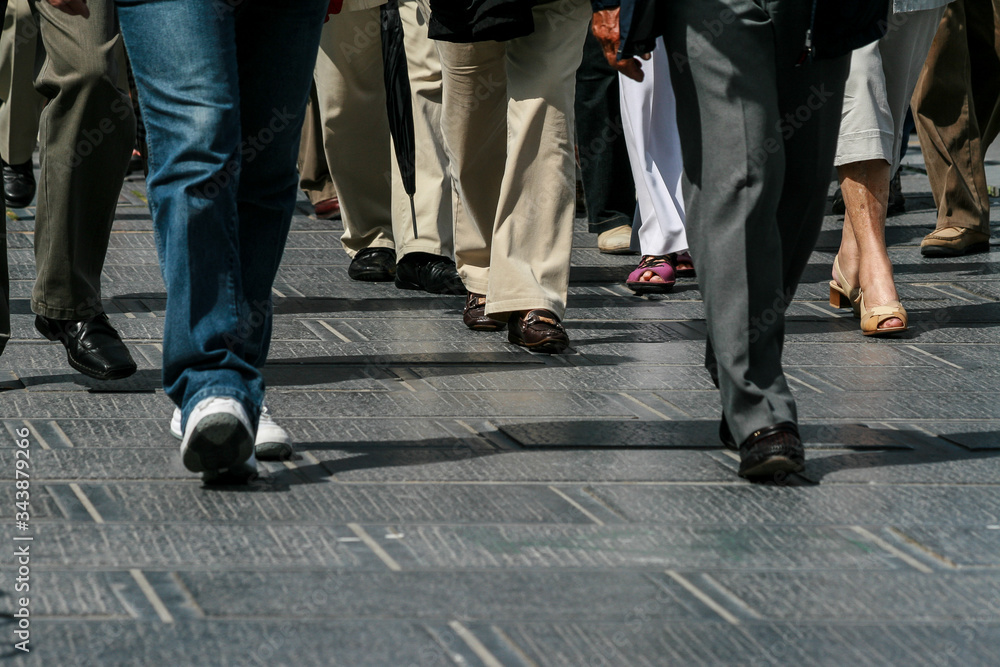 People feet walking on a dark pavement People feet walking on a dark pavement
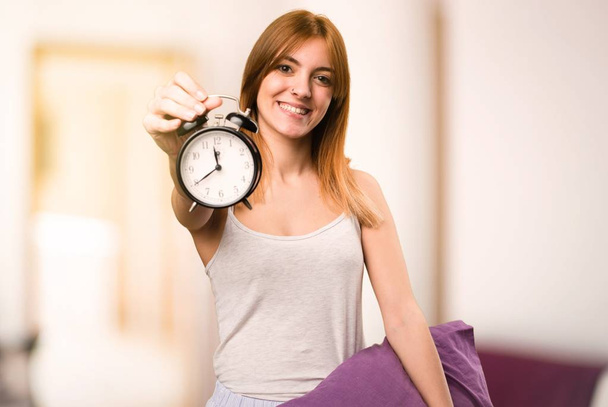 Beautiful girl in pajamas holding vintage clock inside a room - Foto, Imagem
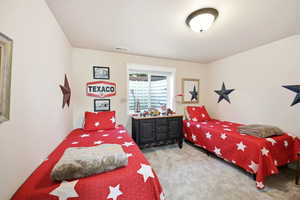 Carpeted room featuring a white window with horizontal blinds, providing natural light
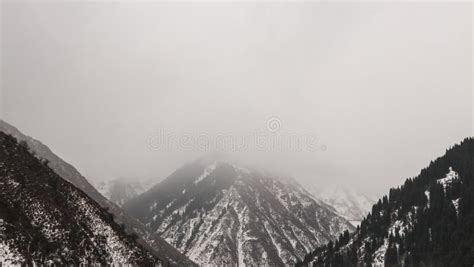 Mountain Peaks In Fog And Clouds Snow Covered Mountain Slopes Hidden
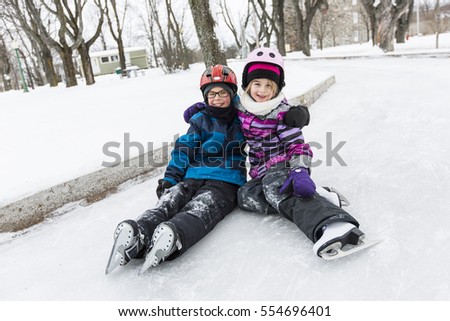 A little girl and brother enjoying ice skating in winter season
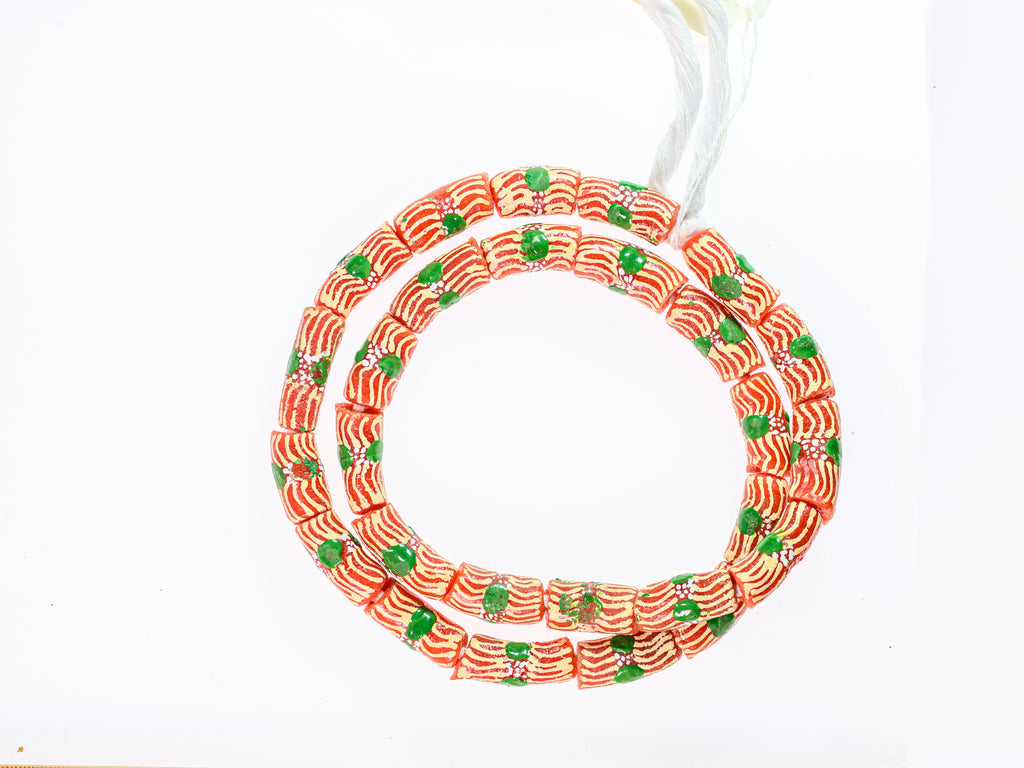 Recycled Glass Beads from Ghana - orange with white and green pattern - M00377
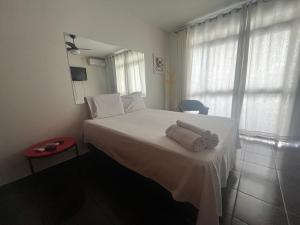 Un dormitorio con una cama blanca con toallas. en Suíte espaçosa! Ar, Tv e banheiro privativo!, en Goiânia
=-=-=
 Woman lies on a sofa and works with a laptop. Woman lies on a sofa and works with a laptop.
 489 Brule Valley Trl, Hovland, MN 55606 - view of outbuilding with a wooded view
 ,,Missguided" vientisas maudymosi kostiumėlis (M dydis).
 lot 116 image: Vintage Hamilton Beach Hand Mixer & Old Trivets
=-=-=
### Aim of the exercise
Give back exactly the lines above that run from the one with "Mountain Peaks In" to the one with "Un dormitorio con", including both, with the pictures left out.

### Solution to this exercise
 Mountain Peaks In Fog And Clouds Snow Covered Mountain Slopes Hidden
 A little girl and brother enjoying ice skating in winter season
 Recycled Glass Beads from Ghana - orange with white and green pattern - M00377
 Un dormitorio con una cama blanca con toallas. en Suíte espaçosa! Ar, Tv e banheiro privativo!, en Goiânia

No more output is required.